Conventionally, the binaural (or hearing with two ears) 3D audio reproduction system uses a pair of headphones to reproduce the binaurally recorded or synthesized sound so that a listener can perceive sound images coming from certain locations, such as front, rear, up, above, near, and far in 3D space surrounding the listener. However, there are limitations in the conventional headphone system, which prevents the listener from accurately perceiving 3D audio.
Firstly, Møller [1] reasoned that the headphone coupling characteristics were not the same as the characteristics of free field sound sources.
Secondly, there are shape and size variations in human heads and ears—no two people have the same ear shape. Therefore, a binaural sound captured with a dummy head or synthesized using a generic set of Head-Related Transfer Functions (HRTFs), a set of sound source measurements in a 3D space surrounding the listener, will be perceived differently by different people. To overcome this issue, either individualized recording or individualized HRTFs for binaural synthesis are required, which are both tedious to perform.
Thirdly, it is well known that headphone listening causes sound to be perceived as coming from inside the head (far and near sound are perceived to be the same)—there is a tendency for sound image to be perceived from the rear for frontal sound cues, thus causing front/back confusion.
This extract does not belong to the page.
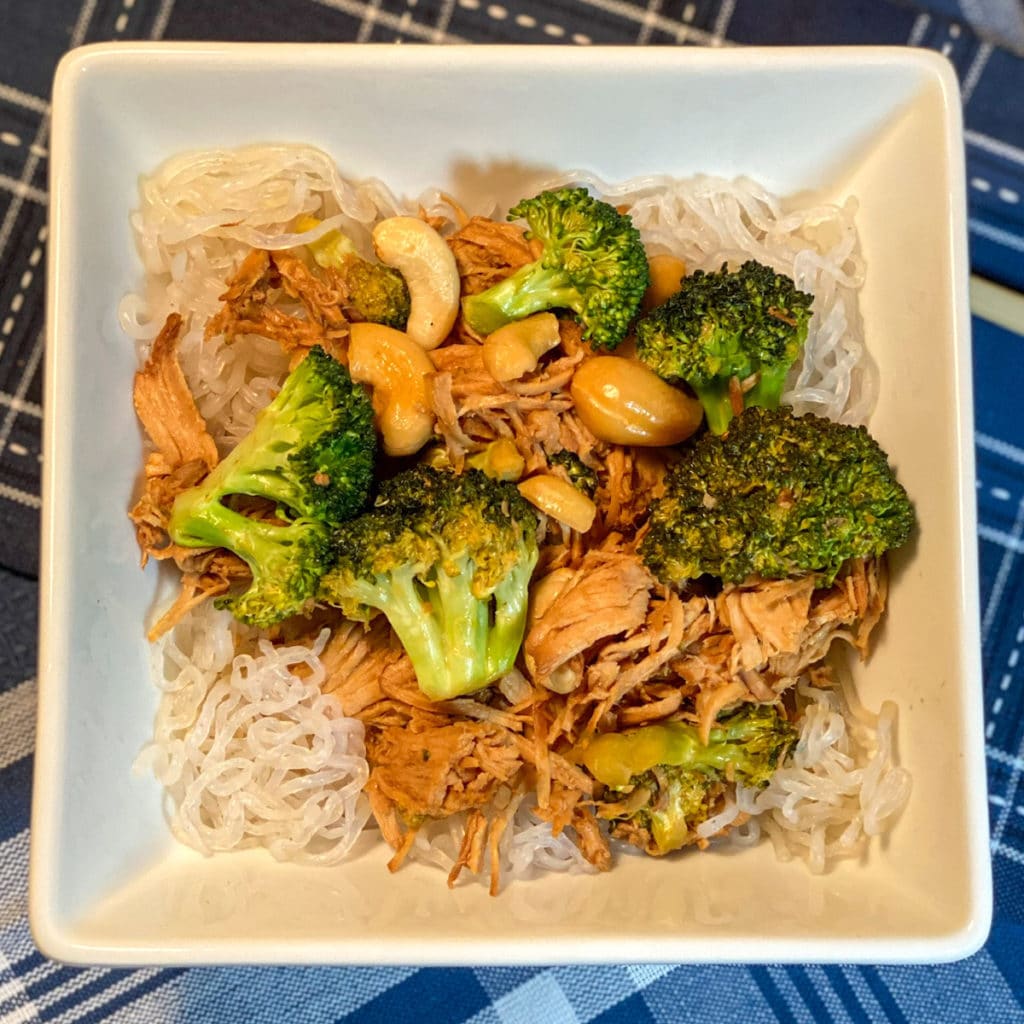 Looking down on a square white bowl filled with broccoli, chicken and cashew nuts over cellophane noodles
There are a number of improved 3D-audio enhanced headphones [2-6] that are designed with multiple sound emitters and off-positioned sound emitters in existing surround headphones. However, although such headphones have different sound emitters positioned at different locations in the ear, all sound emitters are positioned directing sound in parallel directions towards the opening of the ear entrance, as illustrated in FIG. 2. This limits the enhancement of the positional perception.